Additionally, weight processing unit 134 may access data of domain weights database 140 and machine weights database 142. For example, score calculation unit 132 may calculate a score for an alert according to formula (1) above (i.e., domain weight (DW) times domain knowledge score (DK) plus machine weight (MW) times machine knowledge score (MK)). Weight processing unit 134 may retrieve the current domain weight and the current machine weight from domain weights database 140 and machine weights database 142, respectively. Furthermore, weight processing unit 134 may update current domain weights and machine weights in domain weights database 140 and machine weights database 142, respectively, over time, e.g., at the direction of an administrator and/or automatically, e.g., as a number of alerts stored in alert history 144 increases.
In some examples, domain weights database 140 may store a set of potential domain weights, which may be base three values representing weights of 0.11, 0.33, and 1.00, respectively. Machine weights database 142 may store corresponding potential machine weights of 0.89, 0.67, and 0.00, respectively. Additionally, pointers or other data structures or data elements may have values representing a current domain weight of domain weights database 140 and a current machine weight of machine weights database 142. Thus, weight processing unit 134 may update the values of the pointers or other data structures when the weights are updated.
After score calculation unit 132 calculates a score for an alert, score calculation unit 132 may provide the score and data representative of the alert to alert processing unit 136 and alert analysis unit 138. Alert processing unit 136 may generally determine a disposition for the alert based on the score. For example, alert processing unit 136 may compare the score to a threshold to determine whether the alert is a positive alert or a false positive alert. If the alert is a positive alert, alert processing unit 136 may determine a disposition for the alert from alert policies 146. For example, the disposition may be to forward the alert to an administrator, to issue data to one of computer devices 104 to prevent or reverse a particular action (e.g., close an account or prevent an account from opening, prevent a transaction from occurring on an account, or the like), or other such actions. If the alert is a false positive alert, alert processing unit 136 may determine that the disposition is “no findings,” and no further action need be taken for the alert.
Additionally, alert processing unit 136 provides the alert disposition to alert analysis unit 138. Alert analysis unit 138 may store the disposition for the alert, the score for the alert, and contextual data regarding the alert (e.g., a user who triggered the alert, a branch and a region from which the alert originated, a client behavior or action that triggered the alert, or the like) to alert history 144.
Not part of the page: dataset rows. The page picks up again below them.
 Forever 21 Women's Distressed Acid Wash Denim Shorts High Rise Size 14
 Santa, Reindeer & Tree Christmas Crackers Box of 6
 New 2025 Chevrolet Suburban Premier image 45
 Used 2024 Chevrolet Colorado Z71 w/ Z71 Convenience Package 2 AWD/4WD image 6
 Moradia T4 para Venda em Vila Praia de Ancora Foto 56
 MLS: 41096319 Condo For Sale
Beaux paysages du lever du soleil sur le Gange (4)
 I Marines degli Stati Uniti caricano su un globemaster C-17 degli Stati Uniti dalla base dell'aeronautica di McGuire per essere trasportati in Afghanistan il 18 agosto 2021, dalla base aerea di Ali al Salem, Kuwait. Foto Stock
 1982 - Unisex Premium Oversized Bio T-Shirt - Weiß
Alert analysis unit 138 may compare alerts, scores for alerts, and dispositions for alerts among entities within a corresponding business enterprise at a similar level of granularity. For example, alert analysis unit 138 may compare alerts issued by users, branches, regions, or the like to each other. In this manner, alert analysis unit 138 may detect trends in alerts, identify outliers among peer groups regarding alerts, or the like, e.g., to determine whether additional training should be provided to members of certain branches or regions.
In this manner, central device 102 represents an example of a device comprising a processor implemented in circuitry and configured to receive an alert representing a type of abnormal behavior for a user account; receive a domain knowledge score for the alert, the domain knowledge score representing a qualitative rating assigned by one or more subject matter experts; determine a machine knowledge score for the alert, the machine knowledge score representing a number of positive alerts for the type of abnormal behavior; calculate an overall score for the alert from the domain knowledge score and the machine knowledge score; and determine whether the overall score indicates that the alert represents a positive alert or a false positive alert for the type of abnormal behavior. Additionally, to calculate the overall score for the alert, central device 102 may determine a domain weight to apply to the domain knowledge score, determine a machine weight to apply to the machine knowledge score, and calculate the overall score as a sum of the domain weight multiplied by the domain knowledge score and the machine weight multiplied by the machine knowledge score. Moreover, assuming the alert represents one alert of a plurality of alerts from a single source, central device 102 may be configured to calculate respective scores for each of the plurality of alerts using respective domain knowledge scores and respective machine knowledge scores, and determine a riskiness of the single source using the respective scores.
FIG. 3 is a flowchart illustrating an example method of calculating a score for an alert and for analyzing scores for alerts according to the techniques of this disclosure. For purposes of example and explanation, the method of FIG. 3 is explained with respect to central device 102 of FIGS. 1 and 2 . However, it should be understood that other computer devices may be configured to perform this or a similar method.
Initially, central device 102 may receive an alert (150) via alert interface 120. Control unit 130 may then determine a type of the alert (152), e.g., a client behavior that caused the alert to be generated. Control unit 130 may also receive other contextual data for the alert, such as a user (e.g., employee) who entered the alert, a branch and region from which the alert originated, or the like.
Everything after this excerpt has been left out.